He felt bad for it, Red Robin was being as careful as possible sliding the rubber fabric between the collar and Danny’s skin, but it was just that having hands on the collar like that freaked Danny out. He closed his eyes and mentally ran through the numbers of pi. He used to know over a hundred of them. Now he was only certain of about seventy-six or so. There were a lot of things that used to be so much clearer in his memory than they were now.
“Just the overlap now,” Red (the others just called him Red), said.
He flinched again as Red pressed lightly against his neck to overlap the fabric, but the hands pulled away after.
“Do you need a little break?” the other one, Nightwing, asked.
“No. I just want this off, please,” Danny begged. He had gotten used to begging in the last year. Years?
“We’ll get it off,” Red said confidently.
Danny tried to trust that. He kept his eyes closed.
A gloved hand slipped into Danny’s, giving him something to cling to other than the sheets. Danny recoiled at the touch at first, but when the hand started to pull away, Danny twisted their fingers together and held on tightly. He didn’t open his eyes to see who’s hand he was holding.
As Red started to work on the collar, Danny couldn’t help but tense. He’d been shocked by it so many times. He was like Pavlov’s dog, collar and all, he thought bitterly.
“Almost there,” Red warned.
Danny could tell the instant that the seal of the collar was broken. It was like moving a limb that had fallen asleep, but the pins and needles were everywhere, inside and out. It was agonizing.
It was a relief.
A damp cloth was dabbing under his nose.
He blinked rapidly and Nightwing came into focus. The hero looked so concerned.
“Wha…” Danny croaked.
“Nose bleed,” Nightwing explained. He folded the cloth and set it aside.
Moving slowly (though Danny still struggled to follow the motion) Nightwing reached out and places his hands on either side of Danny’s face. Gently, he tilted it this way and that. “You didn’t exactly lose consciousness, but you… went somewhere else.”
“I do that, I think,” Danny said. The hands started to pull away and Danny swayed after them. One returned to help keep him upright. Danny’s eyes fluttered closed. “It was easier… to be away than there.”
The thumb stroked gently across Danny’s cheek.
He could feel himself tearing up. When was the last time he had been touched with kindness? Why was he now? They didn’t know what he was, that’s why.
“You’re safe here, I promise. You don’t have to go away anymore.”
-
Jason looked up from the cutting board when Dick came out of the bedroom. Dick did his best to offer his brother a smile as he took a seat on one of the slightly rickety stools at the kitchen counter.
“How is he?” Jason asked. He had swapped his helmet for just a domino. (To Dick it was a pretty clear sign that Jason has already claimed the kid as theirs.)
“Better. The nose bleed stopped and he was fully conscious again,” Dick said. “He says he does that, goes away like that. It sounds like it was a defense mechanism for whatever those bastards put him through.”

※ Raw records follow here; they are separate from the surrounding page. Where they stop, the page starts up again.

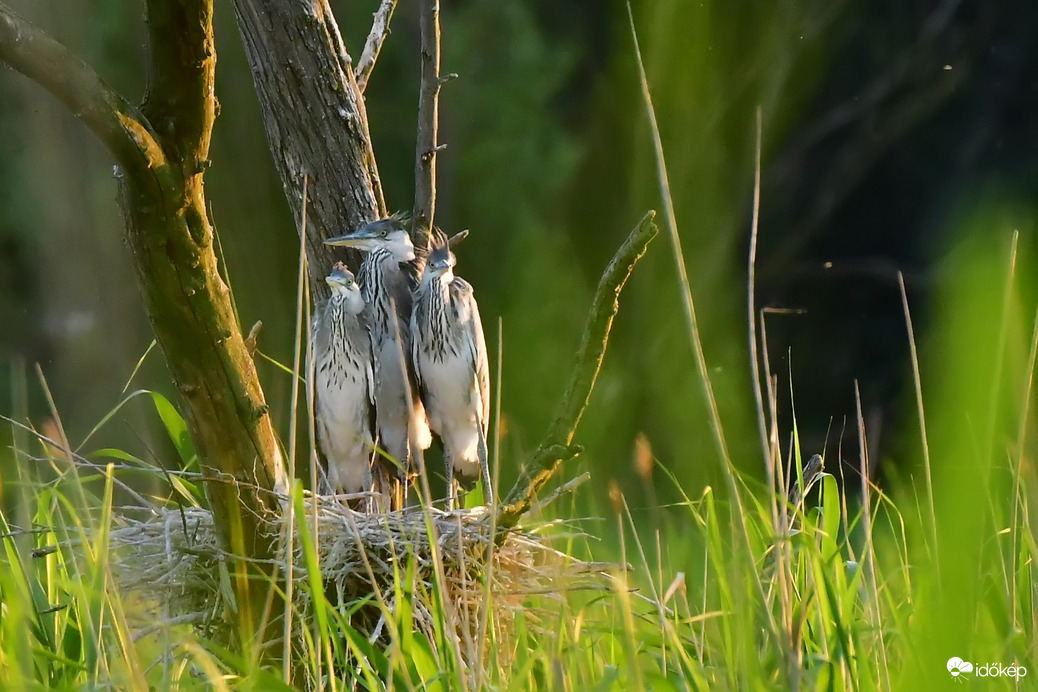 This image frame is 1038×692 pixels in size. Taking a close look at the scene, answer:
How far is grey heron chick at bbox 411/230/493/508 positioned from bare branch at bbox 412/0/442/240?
0.63 feet

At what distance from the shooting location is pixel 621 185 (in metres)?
2.49

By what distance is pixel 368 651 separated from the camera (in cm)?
74

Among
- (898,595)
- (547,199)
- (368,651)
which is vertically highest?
(547,199)

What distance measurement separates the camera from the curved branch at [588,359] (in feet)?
2.15

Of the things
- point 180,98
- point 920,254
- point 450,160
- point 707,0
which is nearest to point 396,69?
point 450,160

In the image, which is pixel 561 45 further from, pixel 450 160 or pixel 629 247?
pixel 629 247

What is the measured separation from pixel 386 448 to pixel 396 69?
50.9 inches

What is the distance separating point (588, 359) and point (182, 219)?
0.30 meters

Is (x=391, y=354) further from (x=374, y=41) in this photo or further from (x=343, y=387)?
(x=374, y=41)

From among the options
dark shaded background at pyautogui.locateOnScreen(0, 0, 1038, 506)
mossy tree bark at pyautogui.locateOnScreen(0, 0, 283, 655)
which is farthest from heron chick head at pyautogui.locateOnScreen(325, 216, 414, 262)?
dark shaded background at pyautogui.locateOnScreen(0, 0, 1038, 506)

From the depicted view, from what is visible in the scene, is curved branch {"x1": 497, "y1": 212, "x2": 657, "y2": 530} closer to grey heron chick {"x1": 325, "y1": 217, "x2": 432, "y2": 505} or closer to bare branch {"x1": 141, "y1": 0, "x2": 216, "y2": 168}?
bare branch {"x1": 141, "y1": 0, "x2": 216, "y2": 168}

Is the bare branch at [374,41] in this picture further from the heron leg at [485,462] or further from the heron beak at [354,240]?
the heron leg at [485,462]

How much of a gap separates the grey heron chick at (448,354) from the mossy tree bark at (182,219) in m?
0.57

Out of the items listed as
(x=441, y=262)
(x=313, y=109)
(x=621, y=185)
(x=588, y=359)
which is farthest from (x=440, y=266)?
(x=621, y=185) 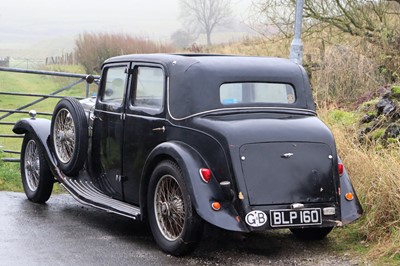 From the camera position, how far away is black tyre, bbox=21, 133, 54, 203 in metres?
9.30

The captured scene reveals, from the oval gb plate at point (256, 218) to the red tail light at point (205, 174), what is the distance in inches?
19.1

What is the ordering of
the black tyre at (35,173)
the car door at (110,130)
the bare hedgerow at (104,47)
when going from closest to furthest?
1. the car door at (110,130)
2. the black tyre at (35,173)
3. the bare hedgerow at (104,47)

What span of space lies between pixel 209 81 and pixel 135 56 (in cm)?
112

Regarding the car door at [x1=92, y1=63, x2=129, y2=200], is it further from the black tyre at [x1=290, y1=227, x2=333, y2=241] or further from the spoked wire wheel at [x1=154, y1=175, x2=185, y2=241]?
the black tyre at [x1=290, y1=227, x2=333, y2=241]

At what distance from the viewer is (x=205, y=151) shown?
686cm

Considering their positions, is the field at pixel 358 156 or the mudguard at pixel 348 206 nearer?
the mudguard at pixel 348 206

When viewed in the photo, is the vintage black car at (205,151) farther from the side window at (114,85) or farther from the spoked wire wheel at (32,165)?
the spoked wire wheel at (32,165)

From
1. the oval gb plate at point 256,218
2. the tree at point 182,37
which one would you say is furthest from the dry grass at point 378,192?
the tree at point 182,37

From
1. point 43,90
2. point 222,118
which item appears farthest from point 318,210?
point 43,90

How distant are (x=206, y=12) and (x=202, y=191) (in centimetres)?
8485

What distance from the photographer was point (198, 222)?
6.67 m

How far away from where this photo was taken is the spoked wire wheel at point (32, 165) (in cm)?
959

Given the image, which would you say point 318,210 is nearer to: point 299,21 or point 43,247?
point 43,247

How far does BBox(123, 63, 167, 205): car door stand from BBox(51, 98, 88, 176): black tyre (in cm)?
78
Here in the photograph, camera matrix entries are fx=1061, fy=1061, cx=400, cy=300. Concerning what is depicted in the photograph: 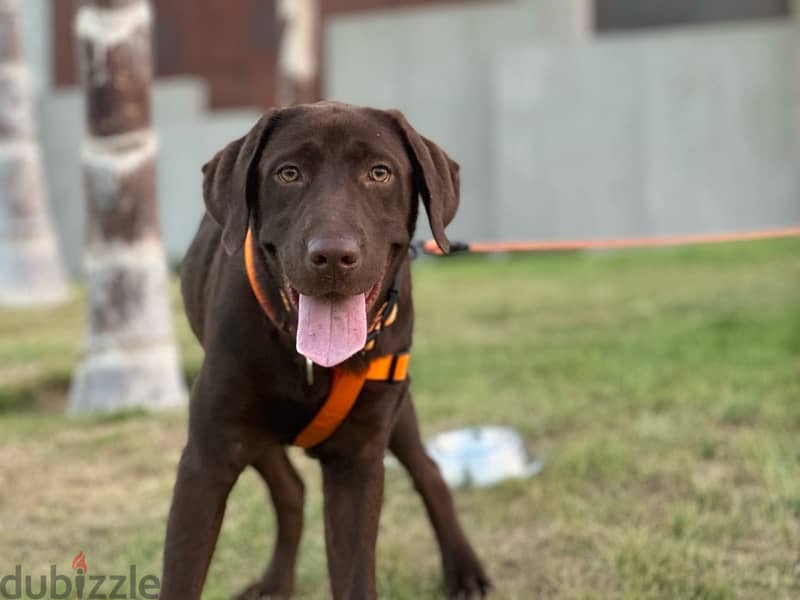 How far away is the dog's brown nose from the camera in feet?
7.45

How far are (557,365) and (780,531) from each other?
3092 millimetres

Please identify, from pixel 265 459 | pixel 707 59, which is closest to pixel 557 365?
pixel 265 459

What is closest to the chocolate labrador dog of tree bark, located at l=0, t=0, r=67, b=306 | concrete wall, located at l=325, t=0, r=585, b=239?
tree bark, located at l=0, t=0, r=67, b=306

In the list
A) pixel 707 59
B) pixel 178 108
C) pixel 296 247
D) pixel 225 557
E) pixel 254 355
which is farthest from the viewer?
pixel 178 108

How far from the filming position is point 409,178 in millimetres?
2646

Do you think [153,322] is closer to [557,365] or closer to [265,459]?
[557,365]

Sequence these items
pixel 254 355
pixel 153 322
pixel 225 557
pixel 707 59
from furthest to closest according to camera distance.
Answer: pixel 707 59, pixel 153 322, pixel 225 557, pixel 254 355

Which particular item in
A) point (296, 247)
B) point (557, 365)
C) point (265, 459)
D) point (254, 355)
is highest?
point (296, 247)

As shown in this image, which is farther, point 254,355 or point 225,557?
point 225,557

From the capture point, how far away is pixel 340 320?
2406mm

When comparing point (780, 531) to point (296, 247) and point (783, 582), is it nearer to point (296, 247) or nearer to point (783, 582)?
point (783, 582)

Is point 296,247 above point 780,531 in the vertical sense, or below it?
above

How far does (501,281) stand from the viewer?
11992 millimetres

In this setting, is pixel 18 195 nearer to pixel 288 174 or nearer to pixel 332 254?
pixel 288 174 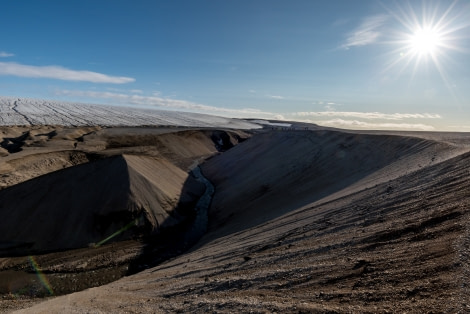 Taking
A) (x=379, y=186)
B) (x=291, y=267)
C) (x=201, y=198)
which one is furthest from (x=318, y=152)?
(x=291, y=267)

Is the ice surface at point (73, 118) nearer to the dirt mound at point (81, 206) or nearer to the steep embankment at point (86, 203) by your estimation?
the steep embankment at point (86, 203)

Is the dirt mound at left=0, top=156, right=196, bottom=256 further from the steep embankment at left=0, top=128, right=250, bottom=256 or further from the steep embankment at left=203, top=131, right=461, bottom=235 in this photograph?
the steep embankment at left=203, top=131, right=461, bottom=235

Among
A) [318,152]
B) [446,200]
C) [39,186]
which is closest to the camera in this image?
[446,200]

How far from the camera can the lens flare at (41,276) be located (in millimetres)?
12648

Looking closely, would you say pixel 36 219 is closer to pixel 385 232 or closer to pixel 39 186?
pixel 39 186

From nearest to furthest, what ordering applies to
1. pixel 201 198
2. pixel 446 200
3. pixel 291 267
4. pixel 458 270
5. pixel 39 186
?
pixel 458 270, pixel 291 267, pixel 446 200, pixel 39 186, pixel 201 198

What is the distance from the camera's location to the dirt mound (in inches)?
645

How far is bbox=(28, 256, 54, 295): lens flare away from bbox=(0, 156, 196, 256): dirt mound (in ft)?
3.27

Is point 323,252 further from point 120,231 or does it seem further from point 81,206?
point 81,206

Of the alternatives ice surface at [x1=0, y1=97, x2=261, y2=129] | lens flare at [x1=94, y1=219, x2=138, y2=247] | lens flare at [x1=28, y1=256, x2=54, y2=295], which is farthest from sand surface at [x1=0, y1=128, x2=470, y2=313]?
ice surface at [x1=0, y1=97, x2=261, y2=129]

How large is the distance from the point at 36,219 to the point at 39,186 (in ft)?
9.63

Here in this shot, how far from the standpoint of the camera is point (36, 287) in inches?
500

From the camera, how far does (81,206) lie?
1794 centimetres

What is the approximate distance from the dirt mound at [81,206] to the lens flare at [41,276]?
1.00 meters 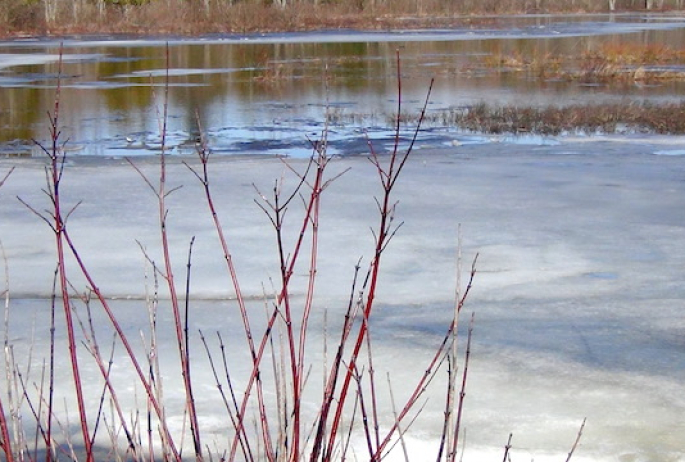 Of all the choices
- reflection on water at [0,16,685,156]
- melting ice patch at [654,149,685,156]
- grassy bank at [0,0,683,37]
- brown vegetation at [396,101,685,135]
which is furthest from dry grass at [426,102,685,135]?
grassy bank at [0,0,683,37]

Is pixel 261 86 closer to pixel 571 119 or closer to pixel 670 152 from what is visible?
pixel 571 119

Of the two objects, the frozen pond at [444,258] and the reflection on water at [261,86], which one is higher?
the reflection on water at [261,86]

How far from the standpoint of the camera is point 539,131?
14.9 meters

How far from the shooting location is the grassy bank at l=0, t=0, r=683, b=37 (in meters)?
51.6

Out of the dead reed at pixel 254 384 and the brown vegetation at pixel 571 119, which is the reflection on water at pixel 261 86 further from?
Answer: the dead reed at pixel 254 384

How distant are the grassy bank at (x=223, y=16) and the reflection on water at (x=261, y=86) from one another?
31.7ft

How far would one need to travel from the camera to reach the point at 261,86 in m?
23.4

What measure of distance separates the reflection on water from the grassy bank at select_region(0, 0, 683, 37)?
31.7ft

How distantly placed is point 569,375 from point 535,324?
81 cm

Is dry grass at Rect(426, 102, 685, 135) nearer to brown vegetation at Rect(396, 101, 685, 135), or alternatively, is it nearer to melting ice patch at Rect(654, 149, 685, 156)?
brown vegetation at Rect(396, 101, 685, 135)

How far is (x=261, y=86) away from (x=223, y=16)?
105 ft

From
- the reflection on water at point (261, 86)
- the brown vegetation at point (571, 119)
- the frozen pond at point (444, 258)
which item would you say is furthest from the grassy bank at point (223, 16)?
the frozen pond at point (444, 258)

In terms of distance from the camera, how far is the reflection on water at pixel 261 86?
15.3 meters

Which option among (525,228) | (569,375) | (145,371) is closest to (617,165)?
(525,228) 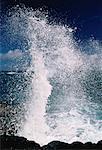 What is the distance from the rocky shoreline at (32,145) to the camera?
14.8 feet

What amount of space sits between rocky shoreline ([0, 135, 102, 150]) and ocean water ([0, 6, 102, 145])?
0.43ft

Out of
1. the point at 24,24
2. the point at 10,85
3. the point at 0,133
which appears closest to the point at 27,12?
the point at 24,24

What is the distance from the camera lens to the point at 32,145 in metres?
4.68

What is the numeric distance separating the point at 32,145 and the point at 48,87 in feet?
2.32

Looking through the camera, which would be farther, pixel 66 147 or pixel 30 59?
pixel 30 59

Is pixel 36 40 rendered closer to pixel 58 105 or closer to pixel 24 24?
pixel 24 24

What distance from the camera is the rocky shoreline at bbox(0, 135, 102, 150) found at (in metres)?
4.52

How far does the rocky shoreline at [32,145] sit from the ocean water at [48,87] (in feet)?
0.43

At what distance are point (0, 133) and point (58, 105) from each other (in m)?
0.75

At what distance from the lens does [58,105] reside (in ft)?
16.4

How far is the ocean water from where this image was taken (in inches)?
191

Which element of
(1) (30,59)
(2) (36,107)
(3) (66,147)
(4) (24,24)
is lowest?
(3) (66,147)

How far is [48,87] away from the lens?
199 inches

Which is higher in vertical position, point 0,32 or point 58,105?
point 0,32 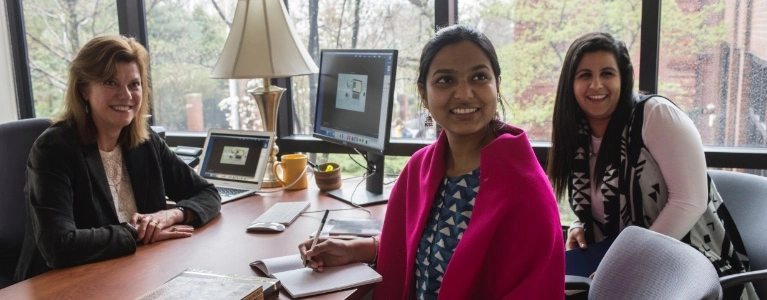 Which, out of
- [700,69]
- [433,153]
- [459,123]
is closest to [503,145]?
[459,123]

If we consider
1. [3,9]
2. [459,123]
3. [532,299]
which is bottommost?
[532,299]

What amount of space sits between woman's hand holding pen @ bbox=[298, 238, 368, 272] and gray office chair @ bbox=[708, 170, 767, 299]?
3.71ft

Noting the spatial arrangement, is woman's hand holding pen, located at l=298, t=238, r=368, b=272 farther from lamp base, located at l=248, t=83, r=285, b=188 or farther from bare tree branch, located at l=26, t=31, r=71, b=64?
bare tree branch, located at l=26, t=31, r=71, b=64

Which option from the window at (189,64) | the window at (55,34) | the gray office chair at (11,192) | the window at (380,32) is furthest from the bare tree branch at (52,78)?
the window at (380,32)

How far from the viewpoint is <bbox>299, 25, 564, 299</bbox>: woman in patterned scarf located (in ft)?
4.17

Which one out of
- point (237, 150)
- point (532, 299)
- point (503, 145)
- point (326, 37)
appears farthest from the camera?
point (326, 37)

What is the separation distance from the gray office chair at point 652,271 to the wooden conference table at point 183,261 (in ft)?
1.98

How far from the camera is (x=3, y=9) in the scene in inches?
139

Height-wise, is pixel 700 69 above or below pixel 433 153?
above

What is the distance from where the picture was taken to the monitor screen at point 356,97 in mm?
2195

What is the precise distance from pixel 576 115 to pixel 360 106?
0.77m

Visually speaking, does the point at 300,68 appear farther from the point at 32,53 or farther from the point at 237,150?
the point at 32,53

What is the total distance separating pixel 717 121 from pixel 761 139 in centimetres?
17

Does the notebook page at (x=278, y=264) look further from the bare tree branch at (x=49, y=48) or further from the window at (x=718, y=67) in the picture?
the bare tree branch at (x=49, y=48) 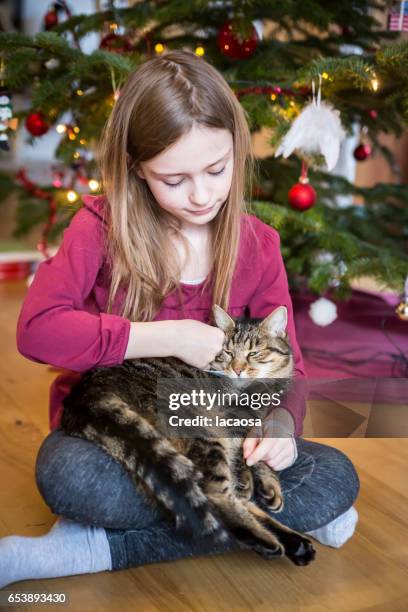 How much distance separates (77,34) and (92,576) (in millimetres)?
1501

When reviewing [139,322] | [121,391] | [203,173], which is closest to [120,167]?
[203,173]

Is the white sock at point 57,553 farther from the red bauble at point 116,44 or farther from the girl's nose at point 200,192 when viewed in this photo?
the red bauble at point 116,44

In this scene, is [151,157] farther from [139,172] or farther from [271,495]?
[271,495]

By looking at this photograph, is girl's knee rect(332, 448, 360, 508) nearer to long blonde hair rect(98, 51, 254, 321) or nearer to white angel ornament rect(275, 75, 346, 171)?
long blonde hair rect(98, 51, 254, 321)

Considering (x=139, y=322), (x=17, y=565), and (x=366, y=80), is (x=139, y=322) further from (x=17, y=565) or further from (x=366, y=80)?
(x=366, y=80)

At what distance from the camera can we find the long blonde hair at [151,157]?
3.55 feet

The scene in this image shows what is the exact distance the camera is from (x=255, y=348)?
114 centimetres

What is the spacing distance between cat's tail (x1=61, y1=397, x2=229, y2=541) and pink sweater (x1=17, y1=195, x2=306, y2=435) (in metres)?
0.11

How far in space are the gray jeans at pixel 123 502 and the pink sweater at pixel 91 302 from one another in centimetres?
12

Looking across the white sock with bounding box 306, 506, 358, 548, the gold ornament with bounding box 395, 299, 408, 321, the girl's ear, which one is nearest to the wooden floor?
the white sock with bounding box 306, 506, 358, 548

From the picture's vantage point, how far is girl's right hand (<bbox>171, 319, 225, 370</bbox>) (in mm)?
1116

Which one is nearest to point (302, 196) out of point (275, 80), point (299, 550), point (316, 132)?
point (316, 132)

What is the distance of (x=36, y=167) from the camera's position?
5074 mm

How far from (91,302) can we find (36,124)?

“Fucking hell,” Jason muttered.
“Yeah. I’ll let the others know so that anyone looking over him knows to watch out for it. Especially if anyone takes him out shopping or anything…”
“Right,” Jason said with a grimace, clearly picturing how badly that could go.
Dick just gave a little nod. He dragged the table that Tim must have been using close and opened it to check on the rest of the family.
“You, me, and Cass?” Jason asked a few minutes later.
“What?”
“One of us three should always be here, right? Or Babs if we move to a different safe house.”
Dick hummed thoughtfully. “There’s something to be said for moving safe houses if the kid plans to wait awhile before wanting to see Bruce.”
This safe house was bearable, but it really was one of their worse ones. It didn’t even had a table to eat at or a television. They could deal with the one bedroom and a couch, but Dick got the feeling there would be a lot of Bats stopping by whenever possible and that it wouldn’t quite cut it.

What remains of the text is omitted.